Please transcribe exactly the line that holds "Gold High-Top Canvas" and all lines that follow it to the end of the records below, omitting any pictures.

(Beginning of RECORDS PROVIDED)

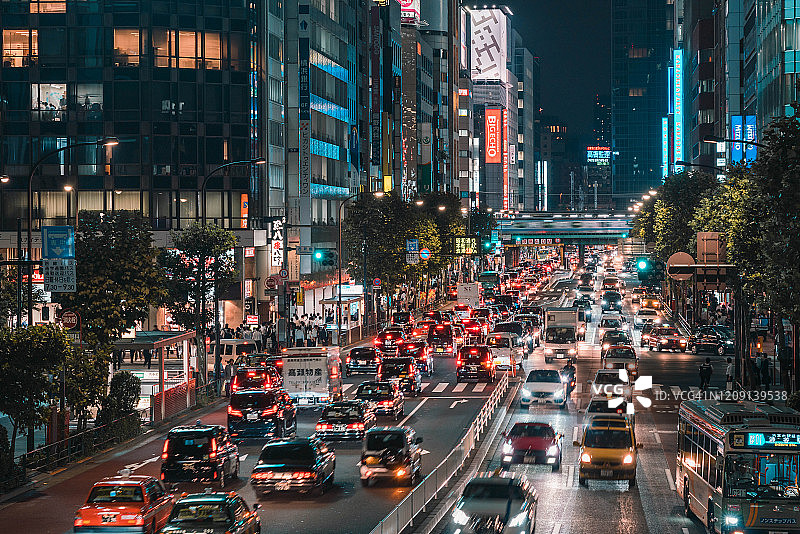 东京新桥拥挤的街道图片素材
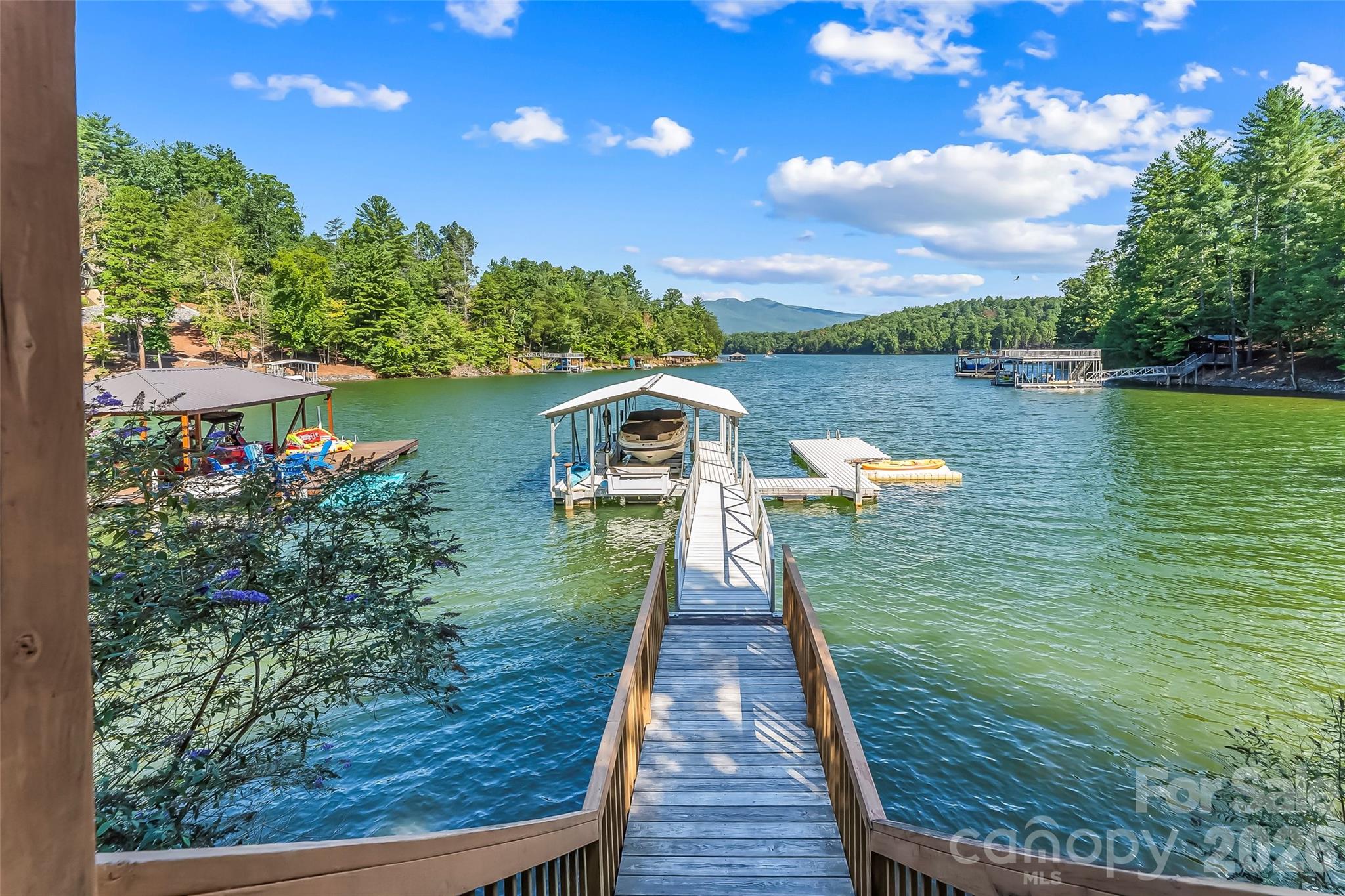 705 Waters Edge Drive Property Photo 45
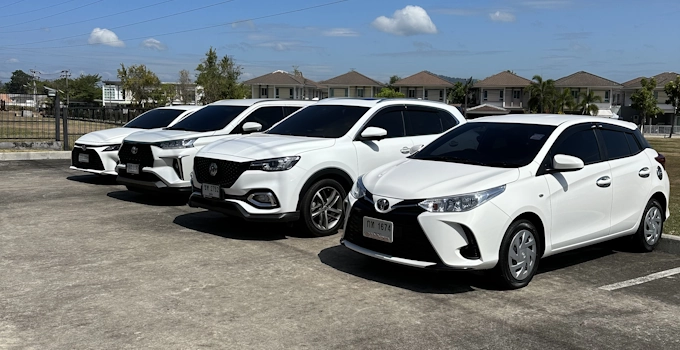 megadis_white_luxury_car_in_the_city_a0afe435-801c-442c-bb77-98d21f0673db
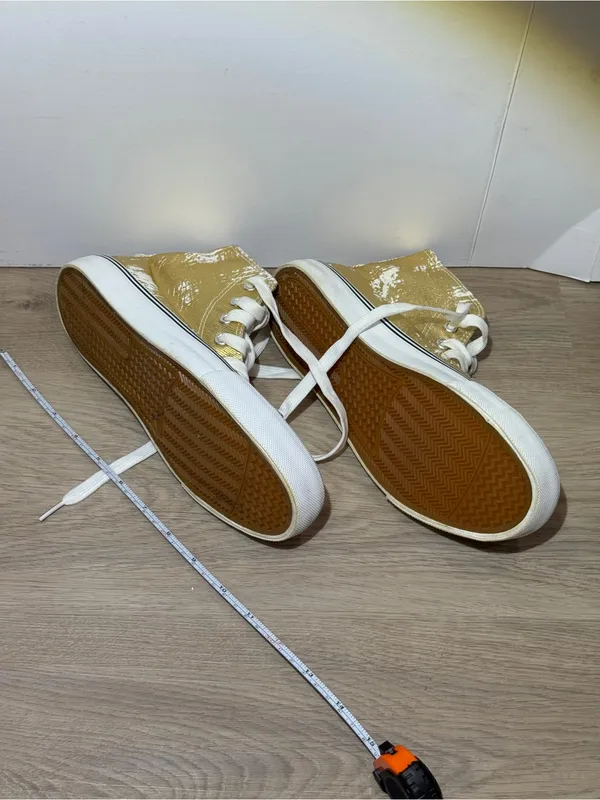Gold High-Top Canvas Sneakers with White Toe size 8 cute lace up casual fashion - Image 3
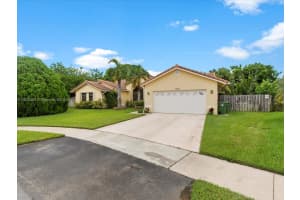 16621 Royal Poinciana Ct Weston, FL 33326 - MLS#A11922339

(End of RECORDS PROVIDED)

◆ **RESULT FOR THIS TASK**:
Gold High-Top Canvas Sneakers with White Toe size 8 cute lace up casual fashion - Image 3
 16621 Royal Poinciana Ct Weston, FL 33326 - MLS#A11922339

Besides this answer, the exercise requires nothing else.